New York’s reputation for grid excellence attracts visitors from around the world. Even 8,000 miles away, members of the Southern African Power Pool were aware of how reliable power is in the United States, and came here to see what skills they could bring back to operate their own grid.
Such visits aren’t uncommon. The NYISO has hosted representatives from nearly 90 countries around the world – places as diverse and far-flung as Australia, Japan, Chile, Uzbekistan, Morocco, Ukraine, Indonesia and Nepal have sent representatives to tour the NYISO.
“It’s really sharing experiences and best practices,” said Wes Yeomans, vice president for operations at the NYISO. “It all begins with understanding each other, the way we do what we do.”
PHOTO: NYISO's Yachi Lin and Wes Yeomans pose with members of the Southern African Power Pool.

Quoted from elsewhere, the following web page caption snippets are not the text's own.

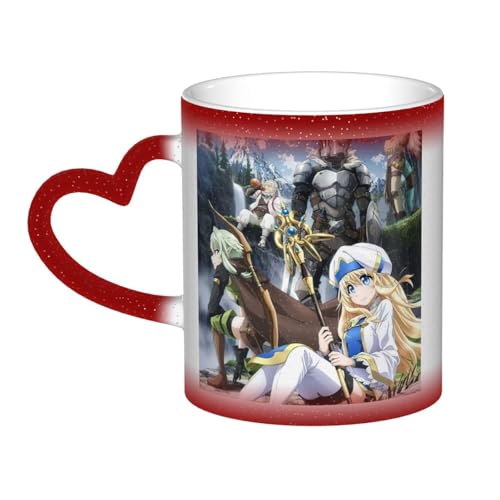 SuXC[ }OJbv R[q[ Z~bN  Jbv Jbv ׂ~ߎ e ۉR[q[Jbv H Z~bN ItBX z[ Mtgp 330ml Red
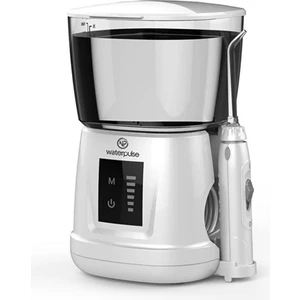 Wp-V700plus-W Water Profesyonel, Masajlı, 1000ml Diş/Protez Bakım Ve Ağız Duşu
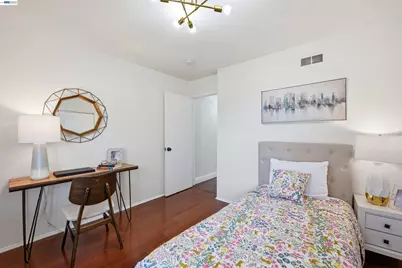 37658 Canterbury St, Fremont, CA 94536 - Photo 5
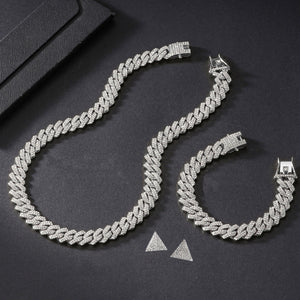 https://shineoss.oss-cn-hongkong.aliyuncs.com/wang/2025/06/07/fe849009-3a0c-494b-ae92-d5d0c17fdd30.jpg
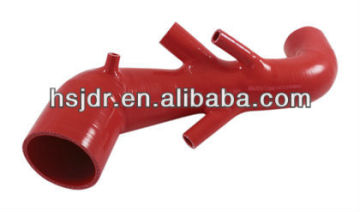 Auto Silicon Hose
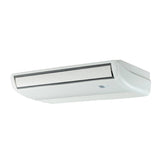 MIDEA Klimaanlage Flex-Truhe Set MUEU2-18HRFNX | 5,2 kW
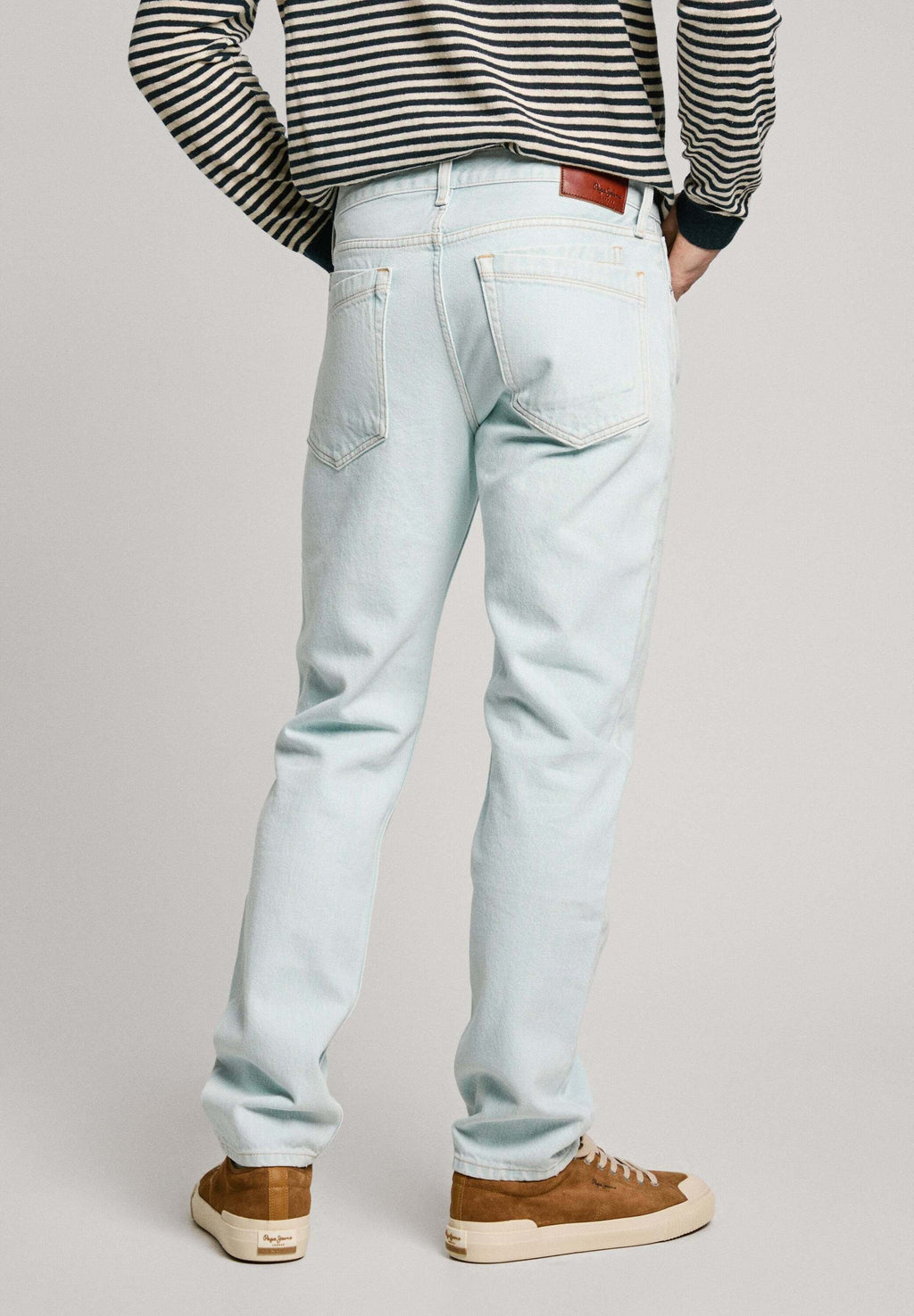 Pepe Jeans BYRON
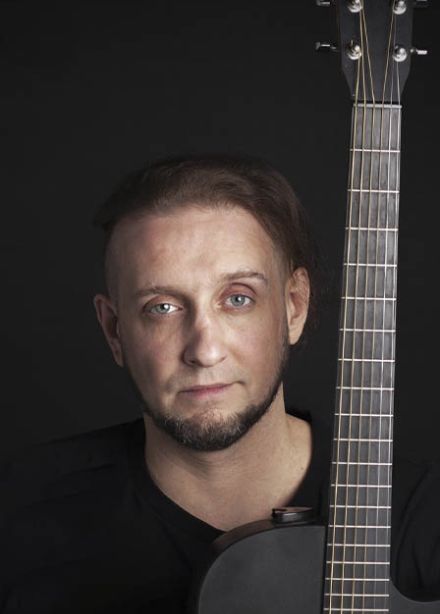 Филипп Август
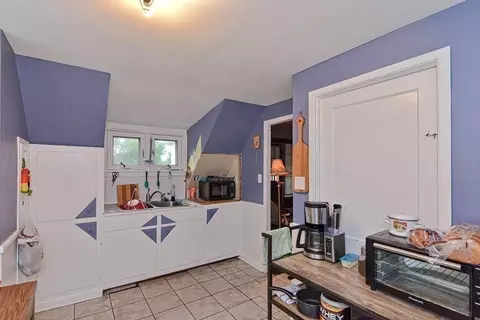173-175 W Main St, Dudley, MA 01571 photo 27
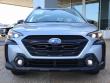 2023 Subaru Outback Onyx Edition SUV 2023 Subaru Outback Onyx Edition SUV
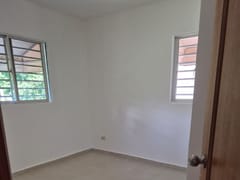 APARTAMENTO EN VENTA 3 DORMITORIOS DISTRITO NACION – foto 4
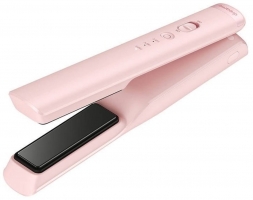 Ravnalnik las Dreame Glamour hair straightener Pink AST14A-PK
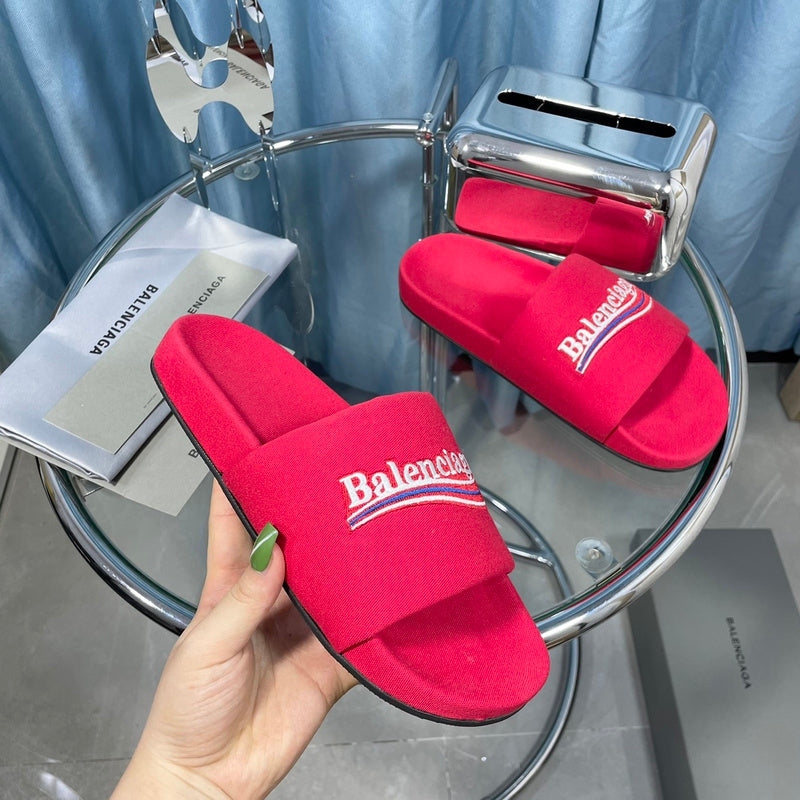 Satchel Bags - BGA Shoes - 1094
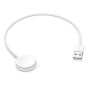 APPLE WATCH MAGNETIC CHARGING CABLE APPLE_WATCH_MAGNETIC_CHARGING_CABLE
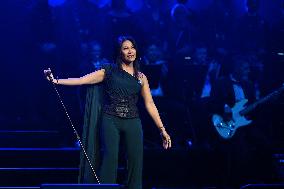 Sentinelles D Un Soir - Paris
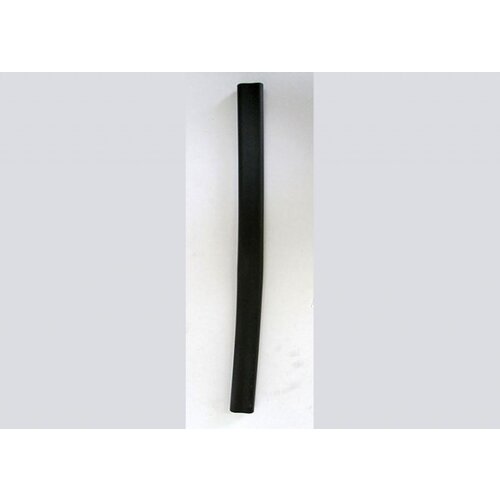  BE-6510 GRIP RUKOHVATA F-BE6510-002 Cene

The visit from the Southern African Power Pool was arranged through a grant from the World Bank, and also included visits to federal and state regulators in the U.S. At the start of the NYISO visit, Mr. Yeomans welcomed the team and began with a description of the organization. Alison Chikova, a Zimbabwe resident and chief engineer of the Southern African Power Pool, stood up and described the attributes of the 23-year-old African network.
The pool serves some 300 million people in 12 countries. It’s a region about the size of the United States, and one in which three different languages are spoken. Most of its member countries are still developing, and in some electricity is provided to less than 25 percent of the population. The pool has had a long connection to New York, Chikova said. In 1999, Bill Balet, former executive director of NYISO’s predecessor, the New York Power Pool, retired and moved to Zimbabwe. There, he spent several years working as coordinator at the Southern African pool, helping to connect its member countries.
Two decades later, that connection was re-established at the NYISO. Chikova, speaking to the group, began describing their experience with “load-shedding,” a practice that occurs when power demand exceeds the limits of available production. In Southern Africa, he said, “some countries are in a perpetual deficit."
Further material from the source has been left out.